[Action item] Produce a verbatim copy of the records, and keep the images out of it.

[Extracted material]
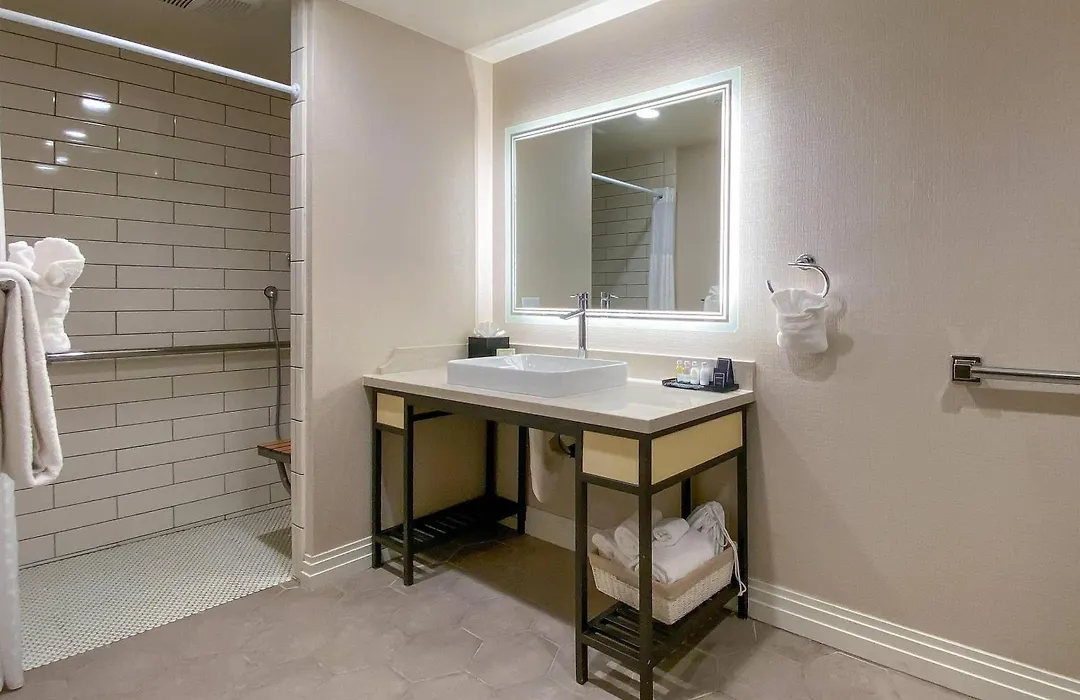 Bluestem Hotel Torrance Los Angeles, An Ascend Collection Hotel-1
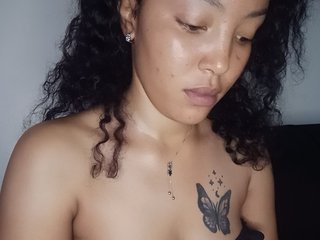 BeautifulGia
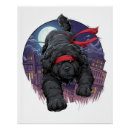 Search for newfies art Animal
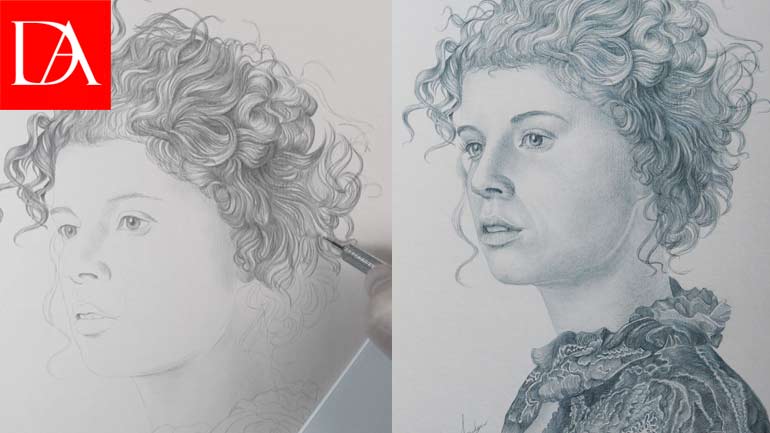 How to Draw From Life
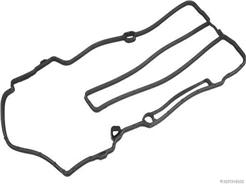 HERTH+BUSS JAKOPART J1220917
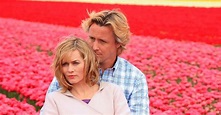 Tulpen aus Amsterdam - Filme im Ersten - ARD | Das Erste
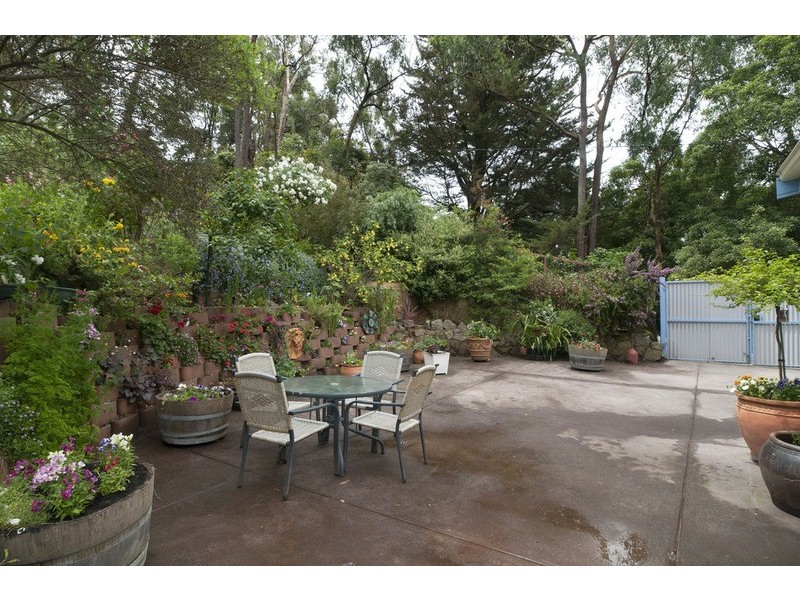 1/49 Falkingham Road, Mount Evelyn VIC 3796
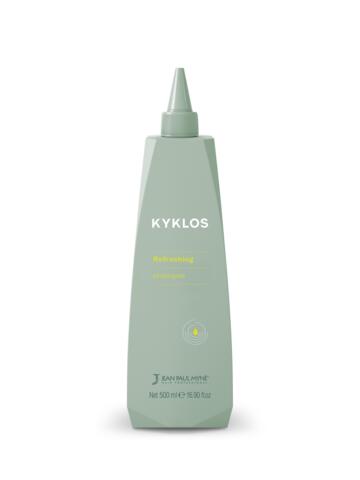 Kyklos Refreshing Shampoo 500ml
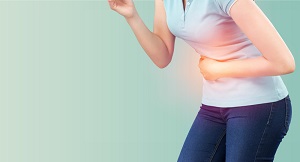 7 Causes of Indigestion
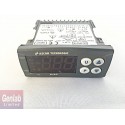 Genlab controller type R38 for Overheat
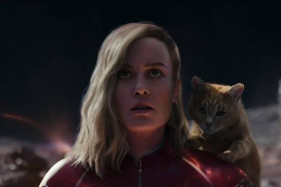 ����� ������ �������� ������ 2� �� ������ ���-��� ��������: ���� ��� DC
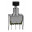 MB2411A2W13-HA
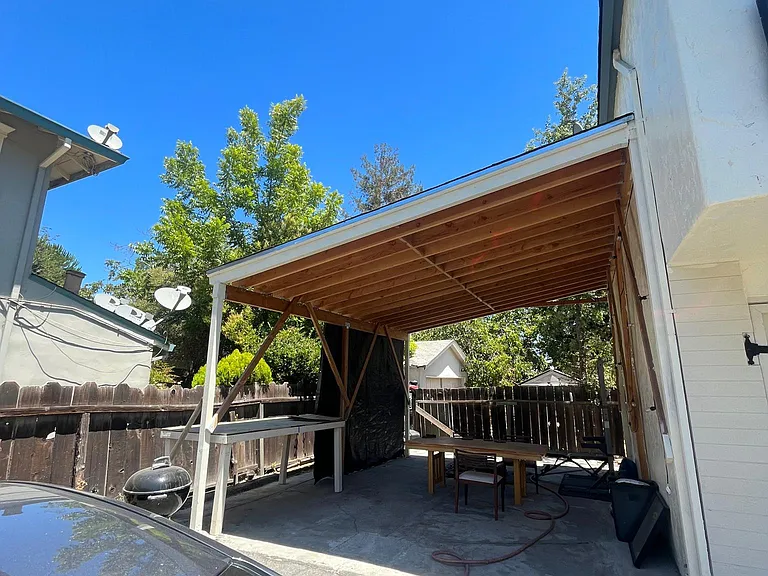1567 Market St #1 — Photo 4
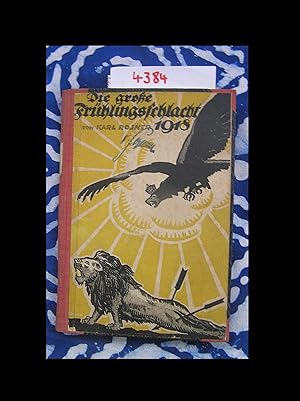 Seller image for Wia's hoid so is. Verserl und G'schichtn zum Lacha und Woana for sale by Versandantiquariat Lesemeile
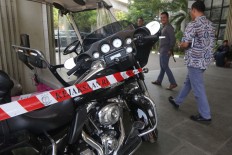 Call for reform amid Jiwasraya fiasco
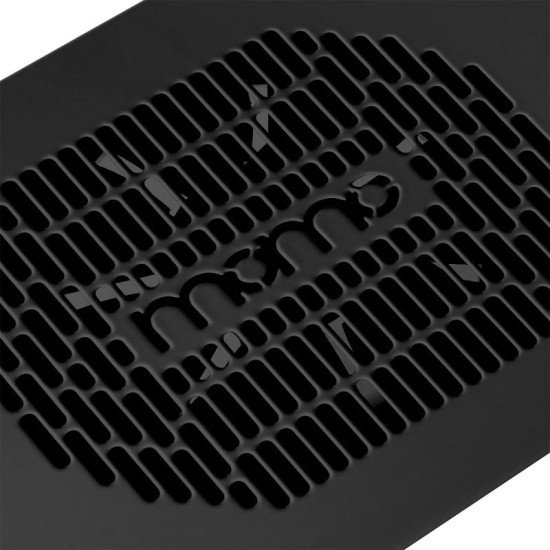 Manikérsky stôl MOMO 05-BL s odsávačkou prachu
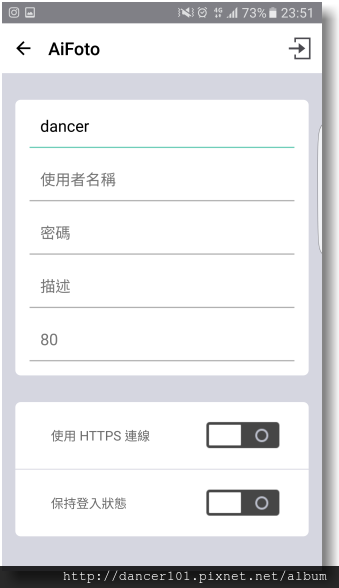 032-Screenshot_20161106-235103.png 032-Screenshot_20161106-235103.png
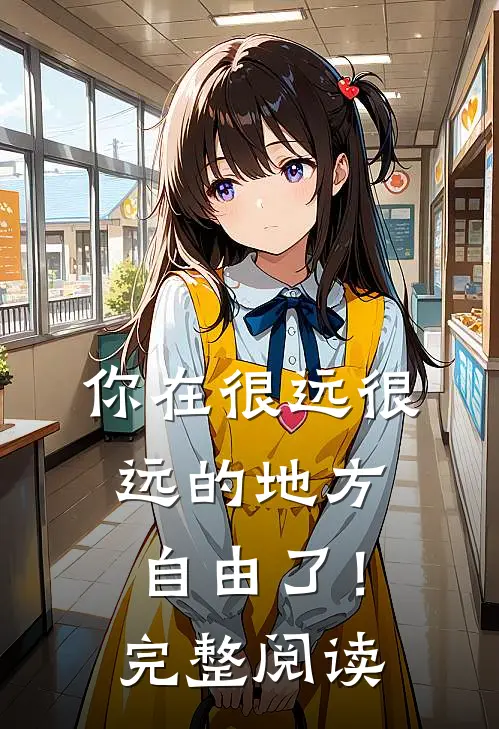 你在很远很远的地方,自由了!完整阅读理解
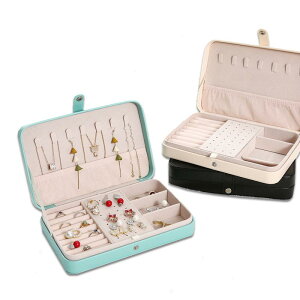 WG[{bNX gїp sp U[ Vv FWJ w sAX lbNX ANZT[[ v[g ؍ ^ Δ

[Exercise answer]
 Bluestem Hotel Torrance Los Angeles, An Ascend Collection Hotel-1
 BeautifulGia
 Search for newfies art Animal
 How to Draw From Life
 HERTH+BUSS JAKOPART J1220917
 Tulpen aus Amsterdam - Filme im Ersten - ARD | Das Erste
 1/49 Falkingham Road, Mount Evelyn VIC 3796
 Kyklos Refreshing Shampoo 500ml
 7 Causes of Indigestion
 Genlab controller type R38 for Overheat
 ����� ������ �������� ������ 2� �� ������ ���-��� ��������: ���� ��� DC
 MB2411A2W13-HA
1567 Market St #1 — Photo 4
 Seller image for Wia's hoid so is. Verserl und G'schichtn zum Lacha und Woana for sale by Versandantiquariat Lesemeile
 Call for reform amid Jiwasraya fiasco
 Manikérsky stôl MOMO 05-BL s odsávačkou prachu
 032-Screenshot_20161106-235103.png 032-Screenshot_20161106-235103.png
 你在很远很远的地方,自由了!完整阅读理解
 WG[{bNX gїp sp U[ Vv FWJ w sAX lbNX ANZT[[ v[g ؍ ^ Δ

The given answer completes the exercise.